At dinner the other night with a former colleague of mine, he shared some war stories from the trenches with Kubernetes. Don’t get me wrong: I think Kubernetes is incredibly powerful and useful. But, it brings a lot of complexity and with complexity comes trouble.
So, what did he share? He’s working at a very cool startup that has not yet launched their product/platform. But, they are up and running with a few folks using the platform. And, they use kubernetes and manage the kubernetes cluster themselves. That is, they are not leveraging a kubernetes system managed by their cloud provider, where they just have to define what to run in their cluster. Apparently, doing it this way is more trouble than many may realize when they choose to go this path.

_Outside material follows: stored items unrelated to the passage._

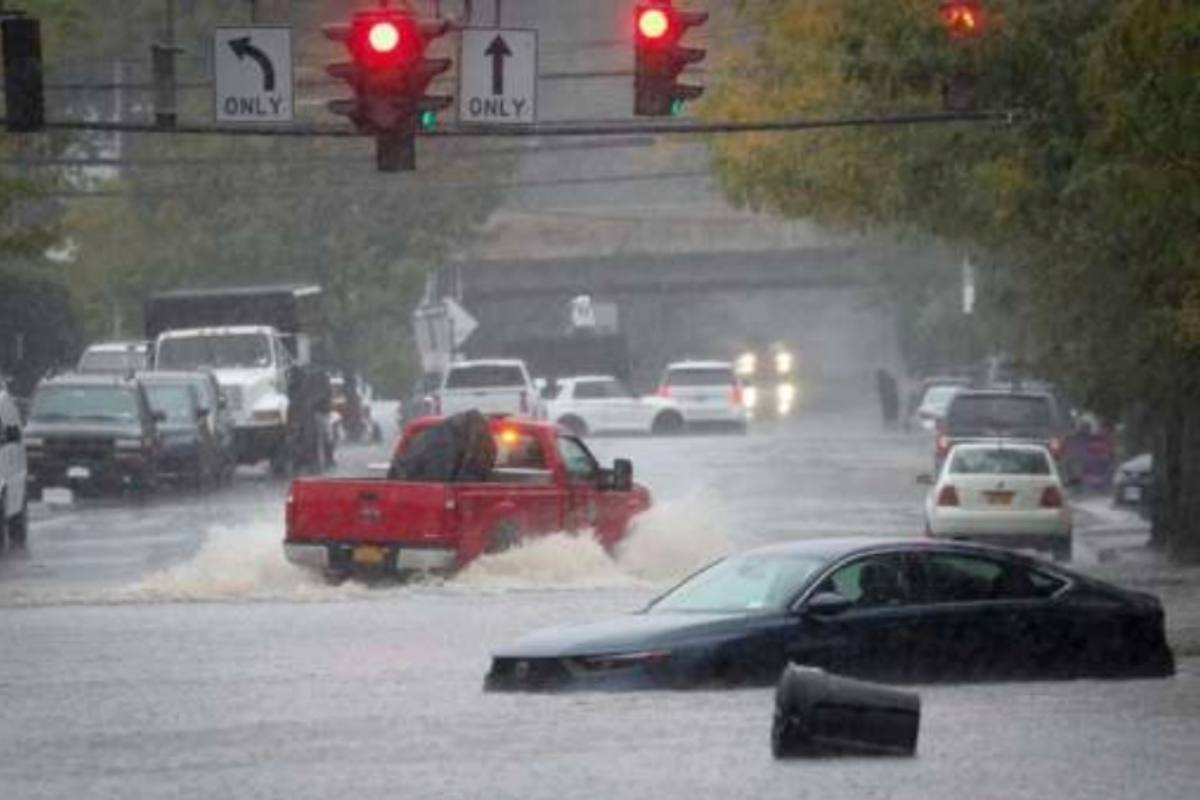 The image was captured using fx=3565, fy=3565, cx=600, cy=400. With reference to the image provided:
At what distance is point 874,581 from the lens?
928 inches

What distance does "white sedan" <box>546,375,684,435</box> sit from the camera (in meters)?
83.1

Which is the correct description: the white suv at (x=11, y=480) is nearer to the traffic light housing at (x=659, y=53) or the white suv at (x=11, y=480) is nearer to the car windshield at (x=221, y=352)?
the traffic light housing at (x=659, y=53)

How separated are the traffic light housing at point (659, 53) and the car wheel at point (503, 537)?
4.68 meters

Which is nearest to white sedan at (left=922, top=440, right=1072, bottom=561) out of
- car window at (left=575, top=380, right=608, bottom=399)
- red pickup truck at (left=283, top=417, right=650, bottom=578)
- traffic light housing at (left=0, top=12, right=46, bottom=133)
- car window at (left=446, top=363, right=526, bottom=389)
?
red pickup truck at (left=283, top=417, right=650, bottom=578)

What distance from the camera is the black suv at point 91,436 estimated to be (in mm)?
52438

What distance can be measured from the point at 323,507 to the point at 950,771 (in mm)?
16263

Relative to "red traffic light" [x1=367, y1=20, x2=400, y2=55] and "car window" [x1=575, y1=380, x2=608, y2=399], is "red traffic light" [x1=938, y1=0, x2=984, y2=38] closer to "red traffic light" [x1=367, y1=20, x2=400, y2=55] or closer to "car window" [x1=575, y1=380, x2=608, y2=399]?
"red traffic light" [x1=367, y1=20, x2=400, y2=55]

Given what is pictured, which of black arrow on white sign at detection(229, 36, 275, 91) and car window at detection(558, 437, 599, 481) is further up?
black arrow on white sign at detection(229, 36, 275, 91)

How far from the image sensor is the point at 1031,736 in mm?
20094

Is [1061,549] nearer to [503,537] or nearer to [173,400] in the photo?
[503,537]

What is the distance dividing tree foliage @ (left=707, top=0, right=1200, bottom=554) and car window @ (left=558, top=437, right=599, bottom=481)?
16.0ft

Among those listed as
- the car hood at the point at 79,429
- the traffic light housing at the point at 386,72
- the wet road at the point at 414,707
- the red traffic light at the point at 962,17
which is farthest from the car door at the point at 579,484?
the car hood at the point at 79,429

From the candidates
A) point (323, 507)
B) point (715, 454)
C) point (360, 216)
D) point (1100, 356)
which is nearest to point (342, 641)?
point (323, 507)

So, in this situation where they are not yet even fully launched, they’ve already hit issues with network connection delays, dropped network black holes (packets never reach their destination), and intermittent connection resets. These are bugs that have existed for quite a while. The time it took him to diagnose the symptoms he saw and identify that they were in fact bugs with k8s was significant, when what he really wanted to be doing was finishing up the platform so they could launch. His plan now is to vastly simplify how they use kubernetes networking to avoid these and other potential issues.
It’s not surprising that bugs like this exist. It’s actually quite natural to expect that. The problem is that too often we adopt new technologies without regard to the likelihood that we will encounter such issues. That is, we systematically underestimate the cost of such decisions. Keep this in mind when considering adopting new technologies, whether kubernetes, the latest distributed database, or whatever.